Whether in your personal or professional life, establishing a healthy value system will go a long way toward building authentic connections and developing traits that others find admirable.
So, if you’re looking for guidance and inspiration, some of the most successful people with a strong ethical code always live by these 8 rules that I explore in a lot more detail below.
Let’s get started!
1) They respect others.
As soon as you hear the words “code of ethics,” the first thing that might come to mind is respect.
There’s no way that you can live a life of moral integrity if you can’t treat others with dignity.
Why is respecting others so important?
Well, whether in your personal relationships or at the office, respect is about treating others fairly, which makes it easier for people to trust you.
Living by the ethical code of respecting the people you know and the ones you meet helps guide your behaviors and attitudes.
This means that you’re mindful of how you treat others and use the same yardstick to judge every person.

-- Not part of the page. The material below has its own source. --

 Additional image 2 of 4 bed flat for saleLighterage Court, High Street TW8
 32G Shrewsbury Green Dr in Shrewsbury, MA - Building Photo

It doesn’t mean that you accept or approve of everyone’s opinions or ideas, regardless of your beliefs and experiences.
It’s just about consideration and fairness.
It’s a great rule to live by, and the reason I’m saying this is because it allows us to understand someone else’s perspective, whether we agree or disagree with them.

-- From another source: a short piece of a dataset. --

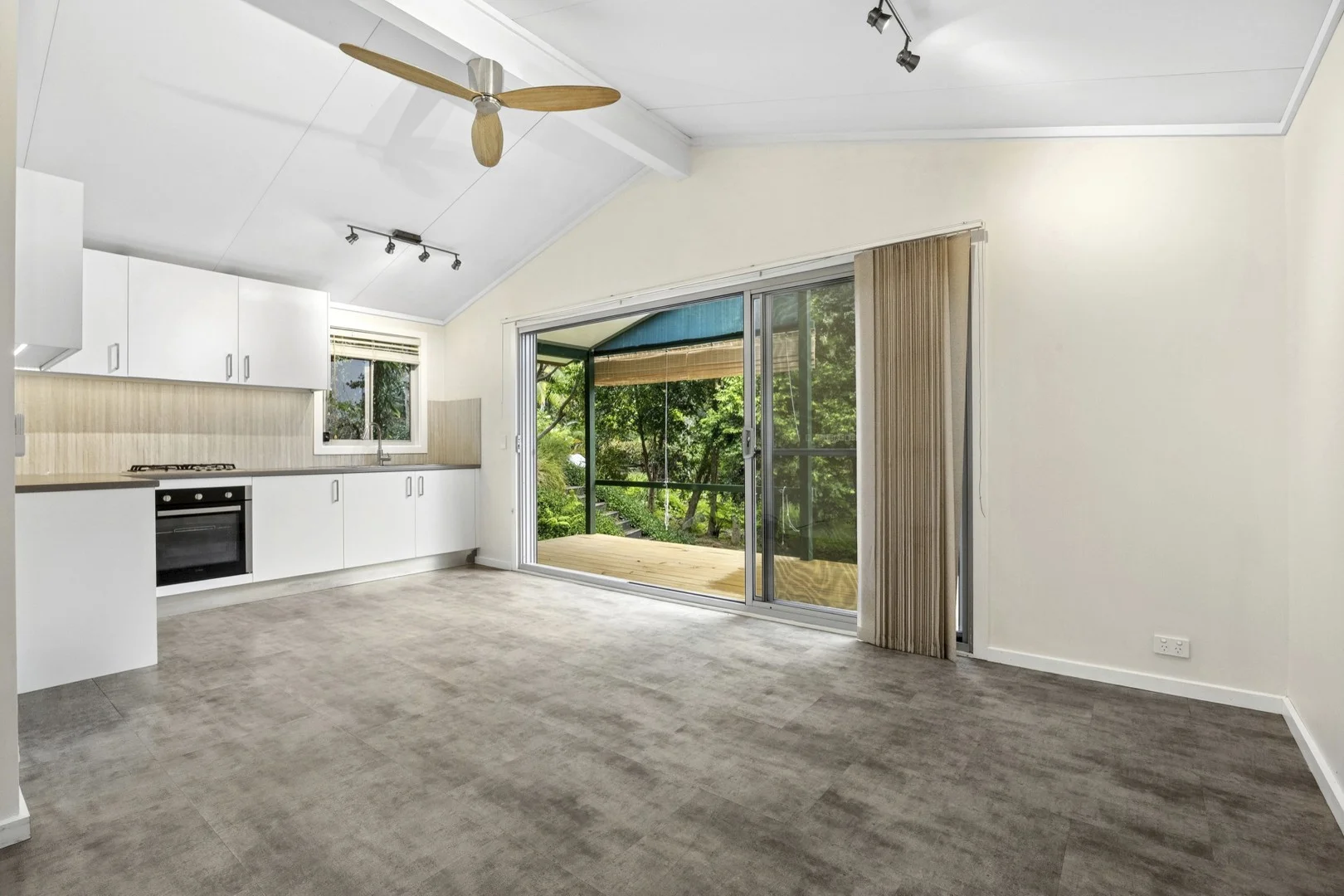 2059 Pittwater Road, Bayview NSW 2104 photo 2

It can open channels of communication, and we learn to accept feedback more positively because we know that it comes from a helpful and not a hurtful place.

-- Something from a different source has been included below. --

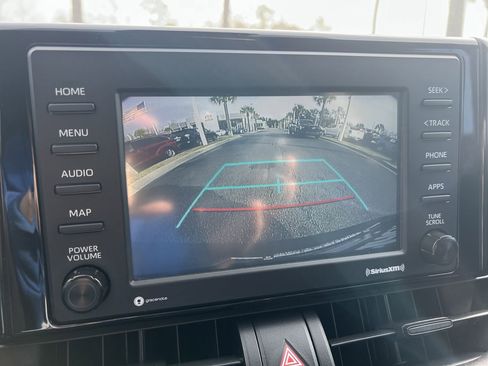 Used 2021 Toyota RAV4 XLE image 25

2) They hold themselves and others accountable.
To live a moral lifestyle, you must start by being accountable for your actions.
What you might not know is that accountability is not only about forgiving yourself and someone else; it’s about peace of mind knowing that you tried, things didn’t work out, and you’re willing to step up to the plate.
But failing to accept responsibility can look a little bit different in romantic relationships.
When you’re with your significant other, and they lie to you, you naturally confront them about what they did or didn’t do. They respond with, “I never said that,” or “You must’ve heard wrong.” You feel like you’re going crazy, and you get frustrated and angry.
This was something that happened to me in a past relationship, and it continued for quite some time until I realized that this person was an emotional manipulator.
And manipulators don’t exactly have an ethical code they live by!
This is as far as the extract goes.